-- TASK ITEM --
Starting with the line that contains "Protector de Pantalla", give again exactly and only each line through the end of the records; include the last line and exclude pictures.

------------------------------------------------

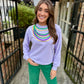 Mardi Gras Bead Sweatshirt- Lavender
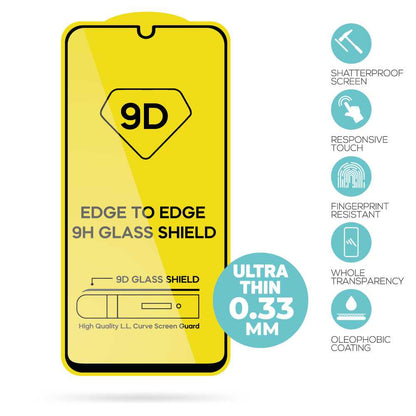 Protector de Pantalla Cristal Templado con Marco Negro para Samsung Galaxy A22 4G/M22/M32 4G, Vidrio Premium con Borde 9D y Dureza 9H, Antigolpes, Anticaídas, Antiarañazos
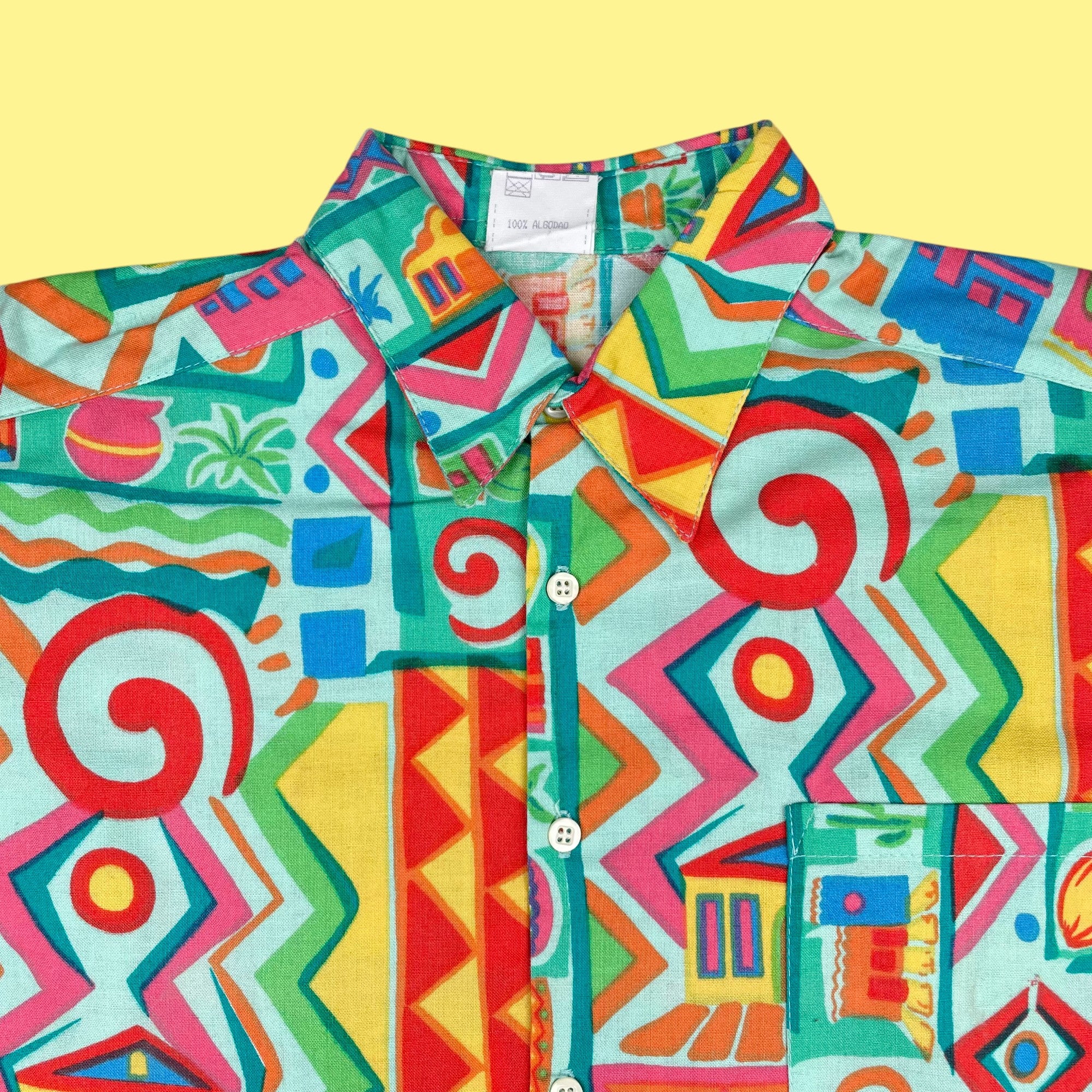 Chemisette vintage deadstock multicolore 8 ans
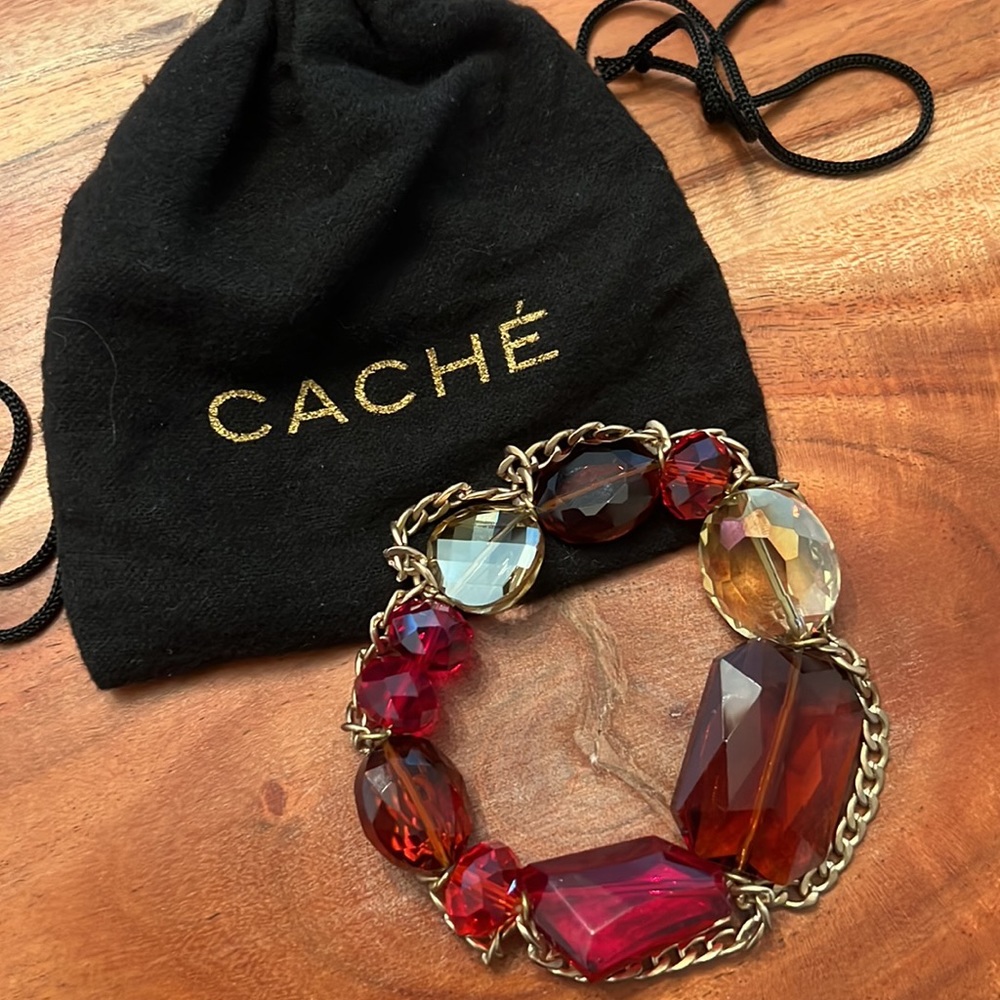 Cache Red Gemstone Beaded Bracelet - image 7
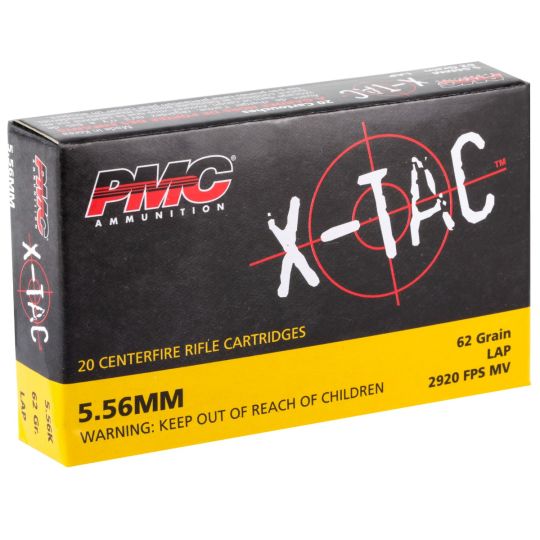 PMC XTAC 556 NATO 62 Grain LAP Military-Grade Green Tip Ammo - 20Rds Box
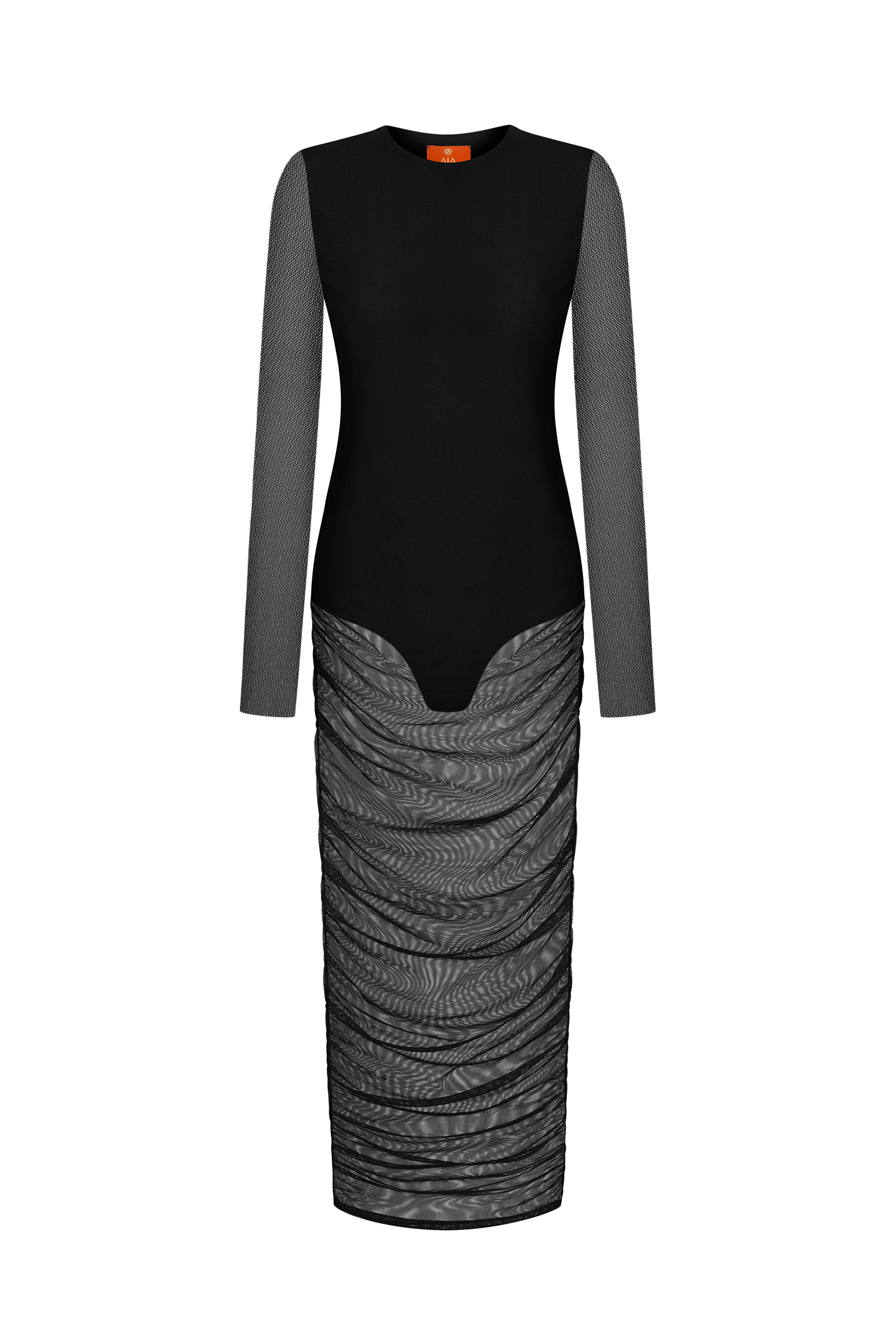 Сукня міді з драпіруванням в чорному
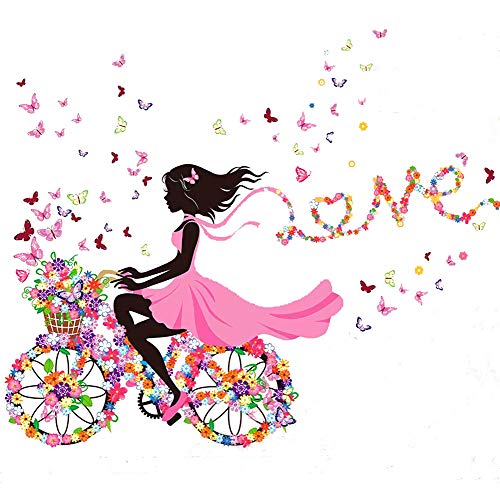 SWORNA Nature Series SN049 Flower Butterfly Girl on Bicycle Removable Vinyl DIY Wall
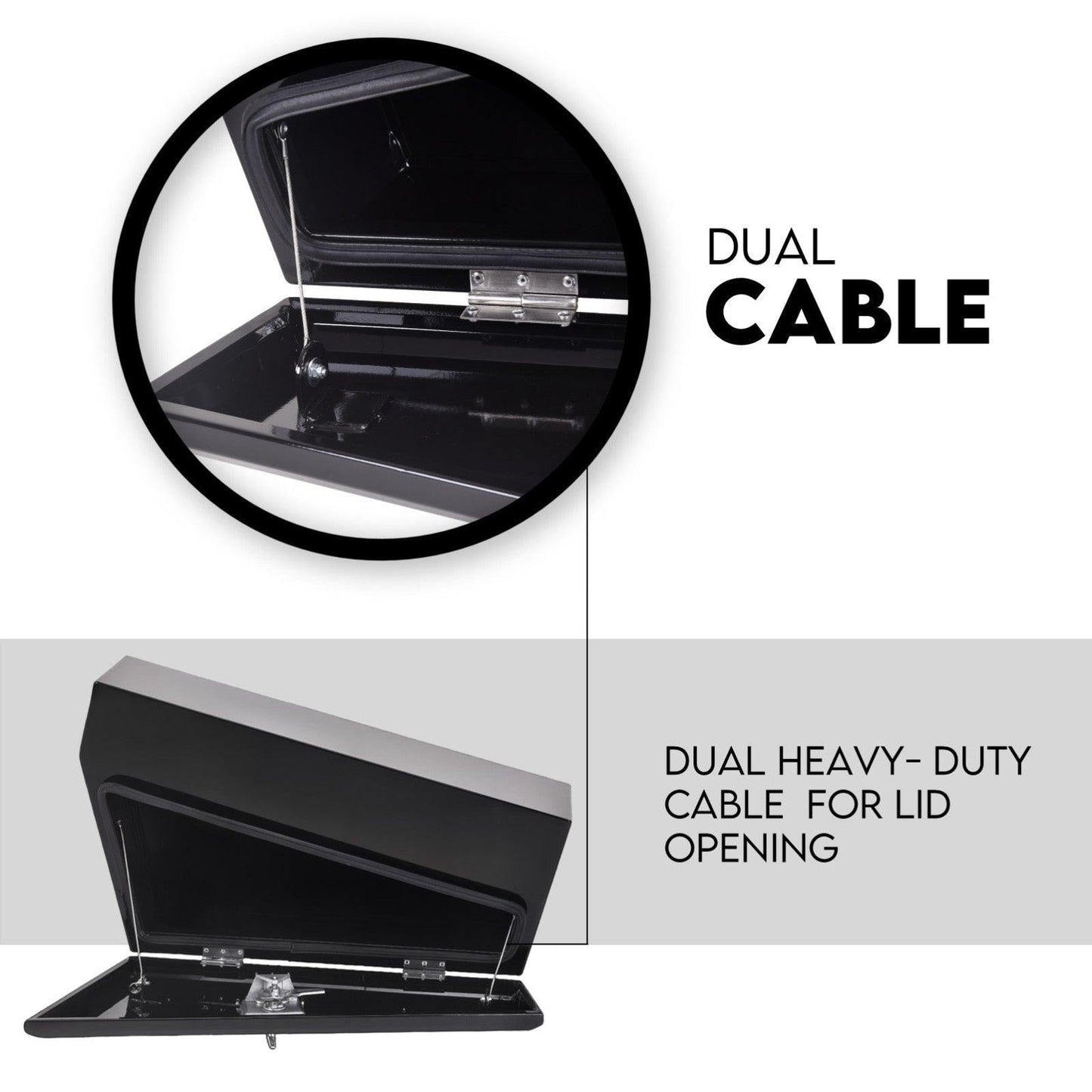 Under Tray Tool Box Underbody Pair Set 750mm Black Steel.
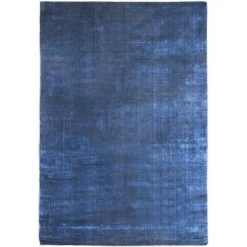 TRUE DEAL Tapis Lavable Pliable Bleu Marine 140x200 Cm Polyester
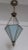 Art Deco Ceiling Lamp with Hexagonal Bluish Tinted Relief Glass Shade, Nickel Mount & Nickel Chain, 1930s For Sale - Image 3 of 7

------------------------------------------------

-- SOLUTION FOR THIS TASK --
 Protector de Pantalla Cristal Templado con Marco Negro para Samsung Galaxy A22 4G/M22/M32 4G, Vidrio Premium con Borde 9D y Dureza 9H, Antigolpes, Anticaídas, Antiarañazos
 Chemisette vintage deadstock multicolore 8 ans
 Cache Red Gemstone Beaded Bracelet - image 7
 PMC XTAC 556 NATO 62 Grain LAP Military-Grade Green Tip Ammo - 20Rds Box
 Сукня міді з драпіруванням в чорному
 SWORNA Nature Series SN049 Flower Butterfly Girl on Bicycle Removable Vinyl DIY Wall
 Under Tray Tool Box Underbody Pair Set 750mm Black Steel.
 TRUE DEAL Tapis Lavable Pliable Bleu Marine 140x200 Cm Polyester
 Art Deco Ceiling Lamp with Hexagonal Bluish Tinted Relief Glass Shade, Nickel Mount & Nickel Chain, 1930s For Sale - Image 3 of 7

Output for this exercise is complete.